# VW backs away from Chrysler



## vibes099 (Jul 23, 2007)

Not to worry, VW really doesn't plan to stay with Chrysler for long. 
VW North America Group CEO Martin Winterkorn says in this artical 
"The Routan will be a Chrysler-based vehicle for only one generation, said Winterkorn. He said the successor "will be from VW."

Obviously this is a stop gap measure, and they've so much as said so in the past. But it seems a little harsh to talk about how they want to move to a VW only platform for the minivan before their first minivan is even sold. To be buying a vehicle that is being pushed out the back door before it even entered the front door makes one worry about servicability, parts supply, training.
http://www.autoweek.com/apps/p...TNEWS


----------



## AzBarber (Jun 2, 2003)

*Re: VW backs away from Chrysler (vibes099)*

So the Routan is a one year only model.
Can anyone say "White Elephant". Yet another reason to avoid.
Az


----------



## vwbugstuff (Mar 27, 2004)

*Re: VW backs away from Chrysler (AzBarber)*

One generation could be anywhere from 5-10 years. The New Beetle is on 11 already....
In theory, if VW decides on a location for their US factory in June or July, how long would it take for land acquisition, building and staffing and to get their own van into production?

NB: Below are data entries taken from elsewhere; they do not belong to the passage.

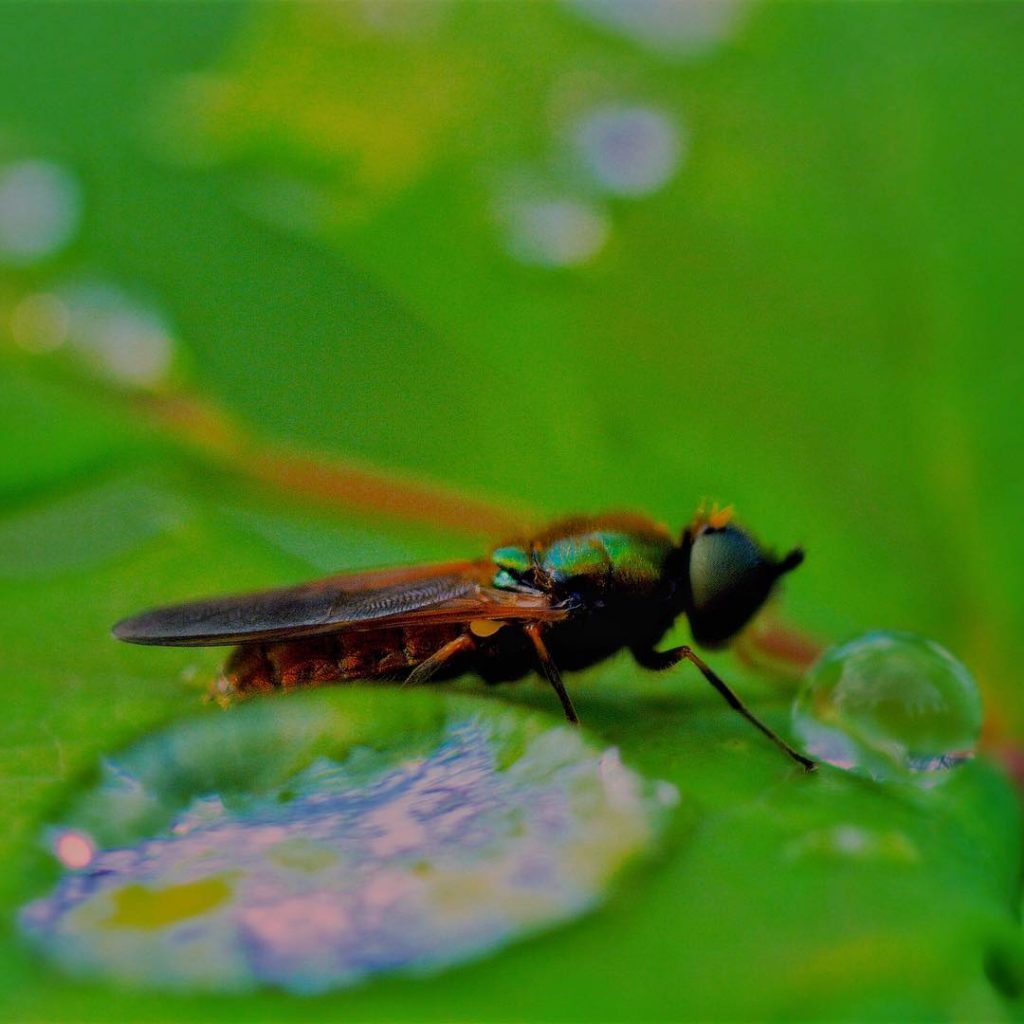 #fotoartistiche #bnesimppl #fotartplgz #pierluigizag Edited with: @carbonblackandwhite _ #instagrammers #igers #instalove #instamood #instagood #followme&hellip;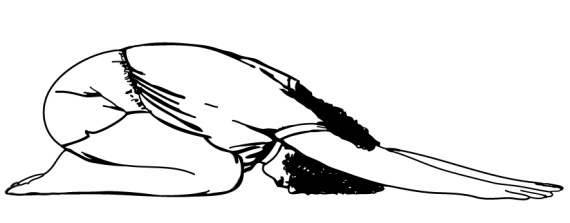 Иллюстрация к книге — 5 минут йоги не вставая с кровати. Для каждой женщины в любом возрасте [i_028.jpg]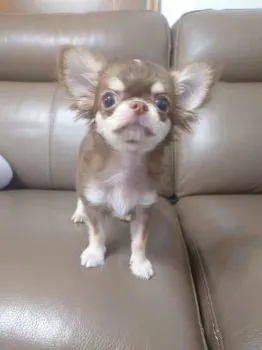 K.M 様のお迎えした子犬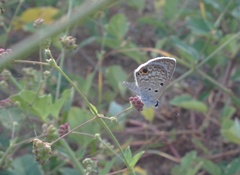 Hemiargus ceraunus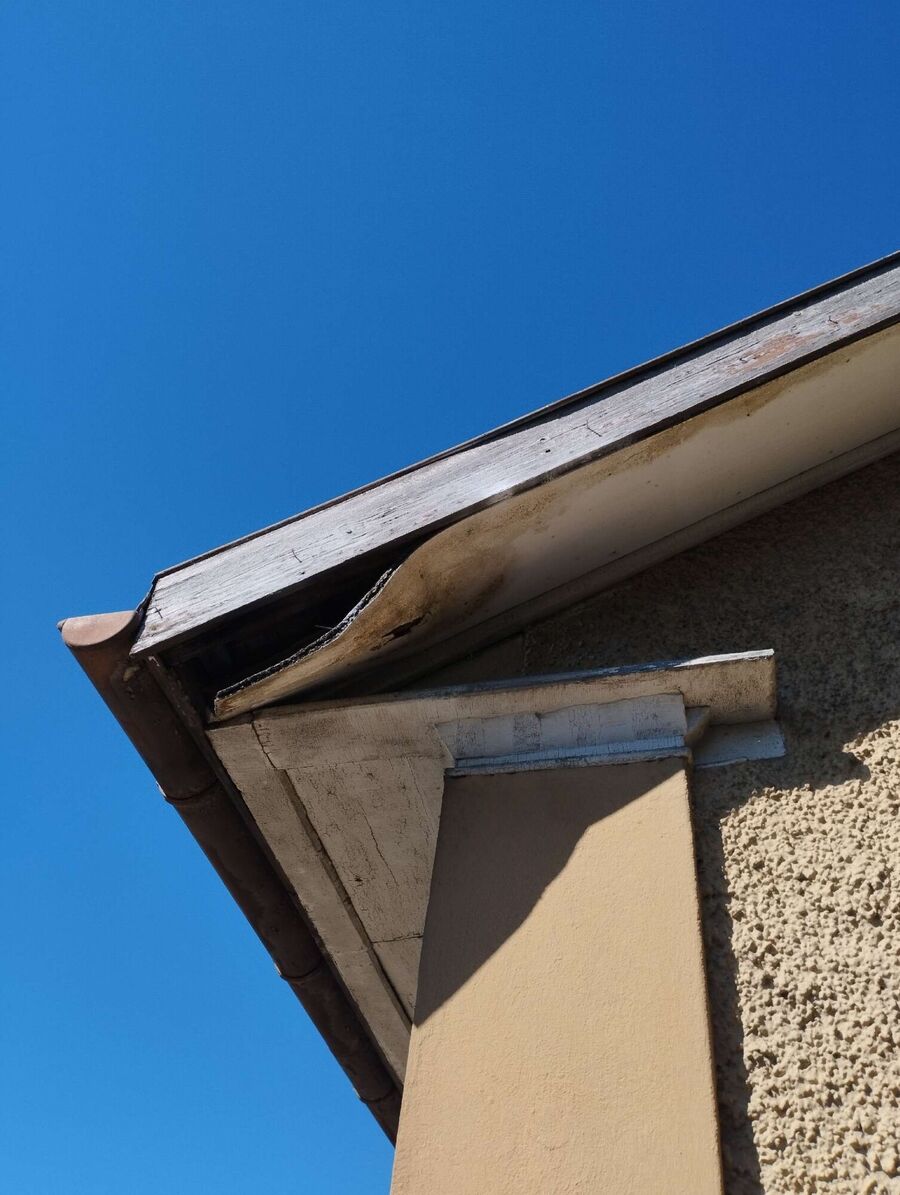 exterminateur d insectes a-Orges.jpg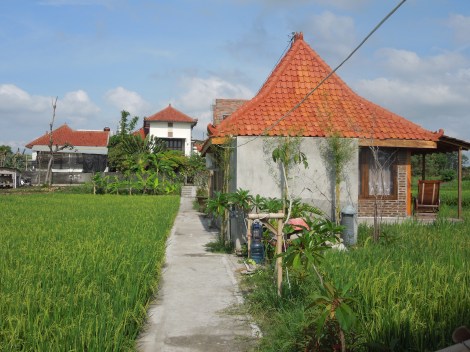 My Joglo, with the Alamanda guest house in the background.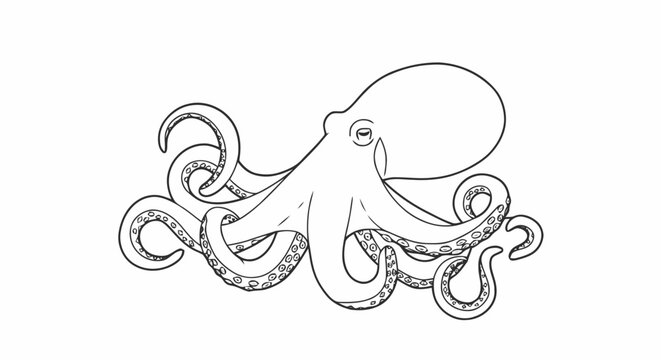 Outline octopus sea creature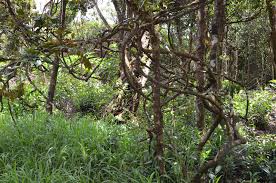 Image result for Cnestis polyphylla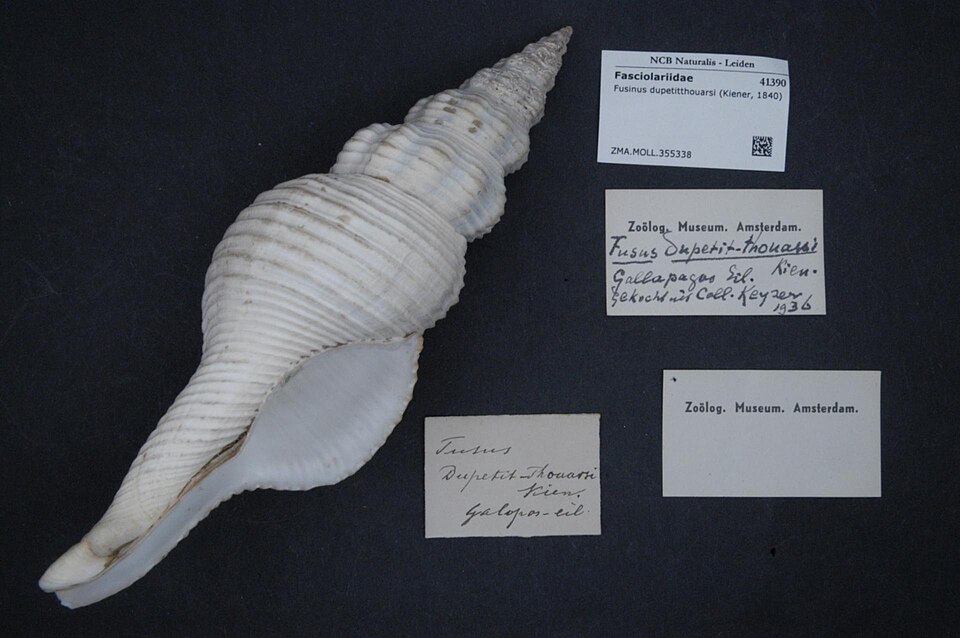 Goniofusus dupetitthouarsi
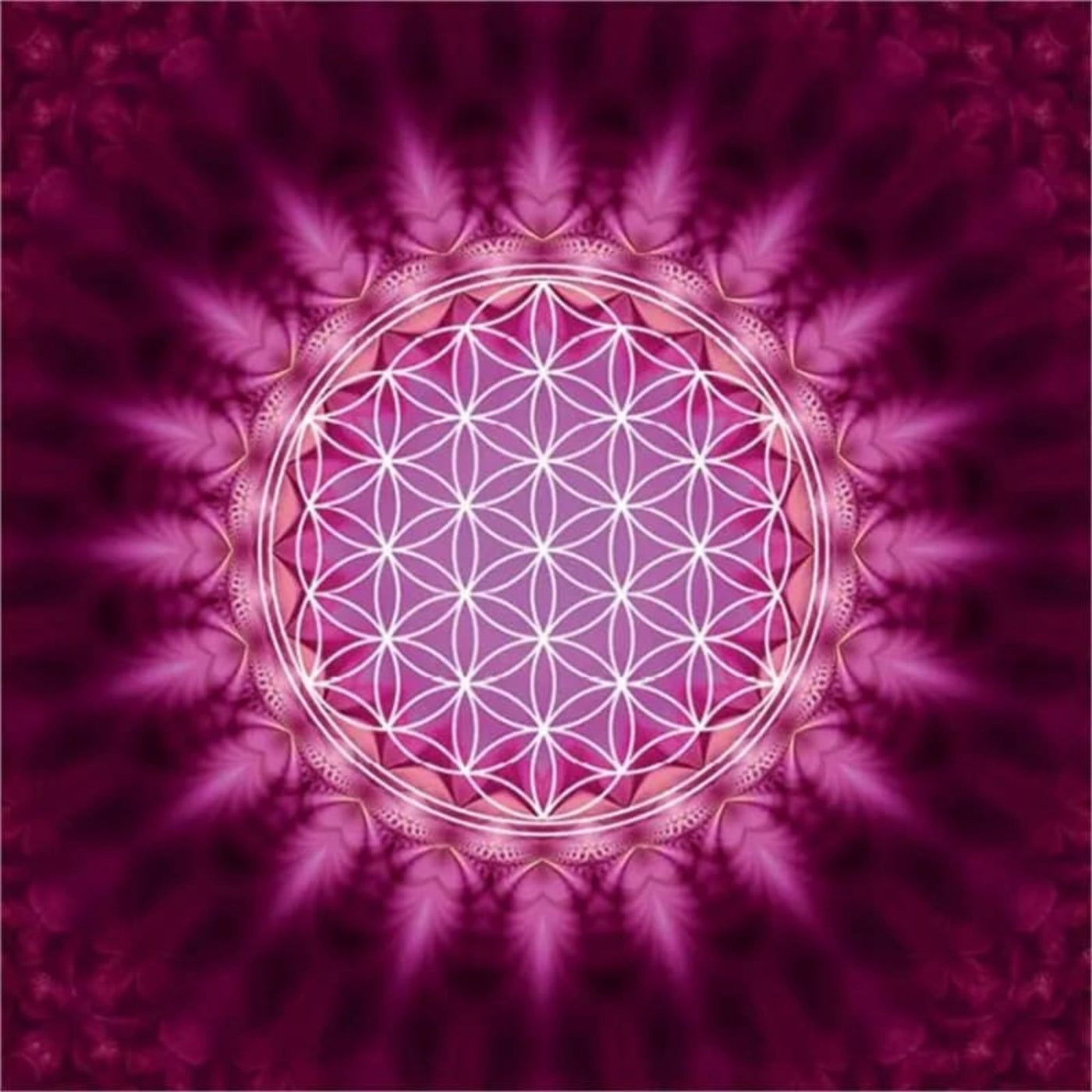 Kort med kuvert - Livets blomma. Flower of life. Ekologiskt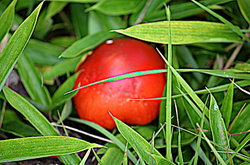 DSC_1432s.JPG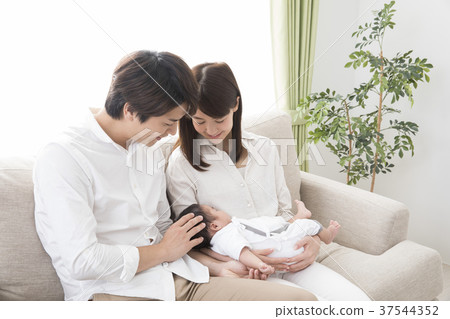 family  37544352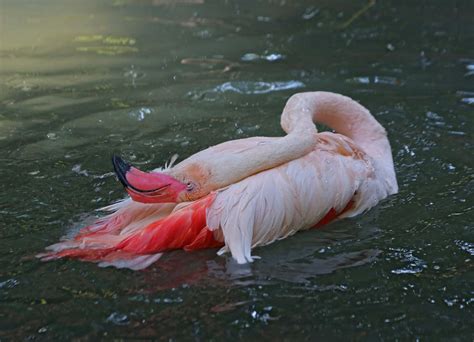 Pictures and information on Greater Flamingo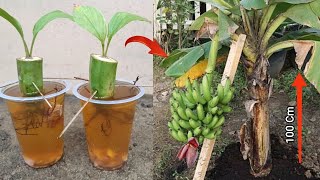 Remarkable Skill how to grow Banana from banana fruit with water [upl. by Theodora]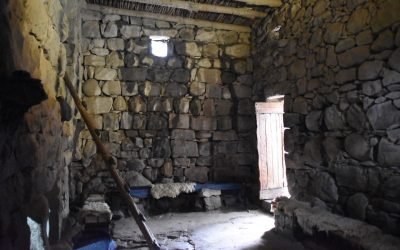 January 2022 Israel Tour Summary: Day 8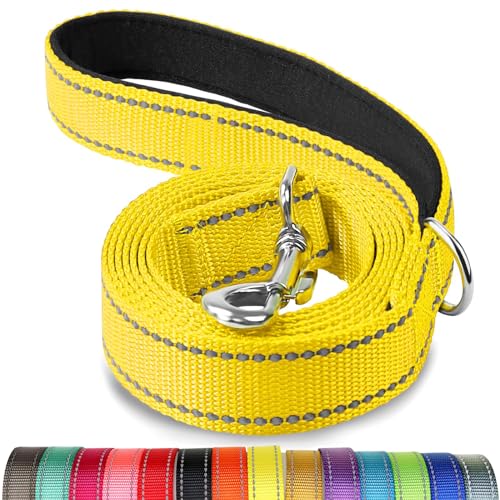 Joytale Hundeleine, 1.8/1.5/1.2m Reflektierende Leine aus Nylon mit Gepolstertem Griff für Große Mittel Hunde, 1.5m × 2.0cm, Gelb von Joytale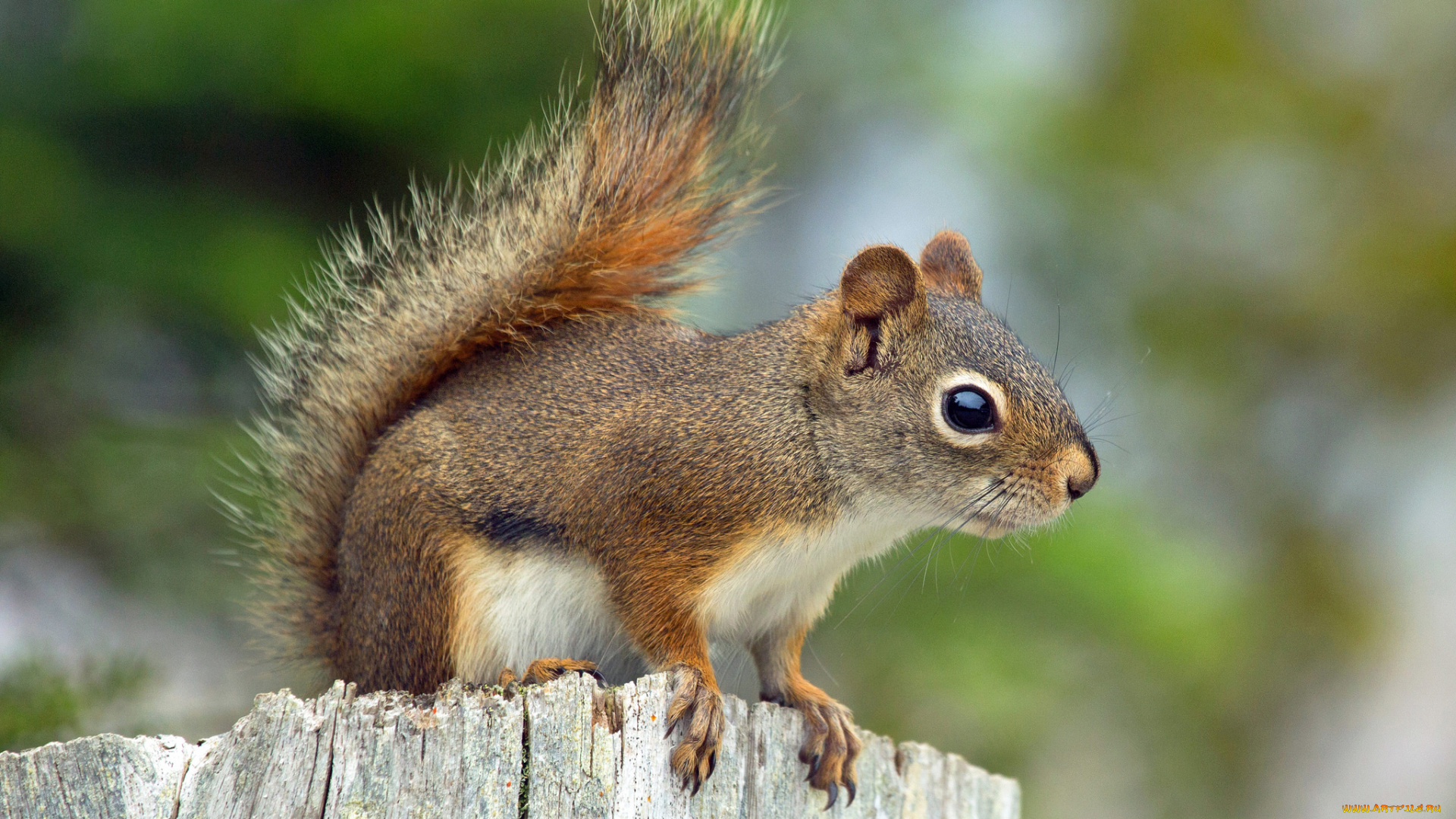 животные, белки, белка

_Modified by vwbugstuff at 12:51 PM 3-21-2008_


----------



## TREGinginCO (Jan 4, 2004)

*Re: VW backs away from Chrysler (vwbugstuff)*

The Routan will only have ONE PRODUCT CYCLE on a Chrysler platform... meaning (as the previous poster said) that it could go for several years, but once it's time for a redesign of the Chrysler van... VW won't be part of that.
But, don't think VW will be getting out of the minivan business at that point. (read into that what you will).


----------



## vibes099 (Jul 23, 2007)

*Re: VW backs away from Chrysler (TREGinginCO)*

Agreed, it could be 5 years to 8 years , probably about the time to get a plant made and come up with a new design. My only point is it just doesn't make good sense from a sales point of view. Typically in sales you don't describe the next generation products because you kill your present sales orders. They set the stage with the microbus and killed all of the eurovan orders. I would often know more about the next generation of large storage area networks from different venders than the front line sales force because the companies didn't want the front line sales force to have any knowledge of the next generation products. It's like they are setting themselves up for failure making rookie mistakes. People are going to be driving these vehicles for a long time. A very small percentage of vehicles go into leases, people are interested in vehicles because they have long commutes, or want these for long family road trips. The average age of the car on the road now is over 10 years and minivans they keep longer because they are more of an investment. Also, people want to buy a new car in hopes that they can sell it with over 100k on it and it will still be very usable to someone else who will pay a good price for it. Now anyone who would buy a 2009 new and plan to keep it 5 years and then sell it will fear that it won't have any resale value because it will be difficult to find parts as it's a one off. Fewer would want to buy it in 2012 or beyond for fear that they are going to be stranded despite it being under warranty (what dealorship is going to be putting money into training for mechanics on chrysler products when it's just got a few years left). Fewer still would buy towards the end of the production cycle because they will simply wait for the VW designed minivan.


----------



## Seyfarth (Nov 11, 2002)

*Re: VW backs away from Chrysler (vwbugstuff)*

They could build it in Puebla, Mexico, just like the New Beetle, the Rabbit/Golf and Jetta.


----------



## Cubster (Nov 26, 2002)

*Re: VW backs away from Chrysler (Seyfarth)*

This could also be a test to see if people will buy a VW minivan.


----------



## mrreet (Sep 10, 2002)

*Re: VW backs away from Chrysler (Cubster)*


_Quote, originally posted by *Cubster* »_This could also be a test to see if people will buy a VW minivan.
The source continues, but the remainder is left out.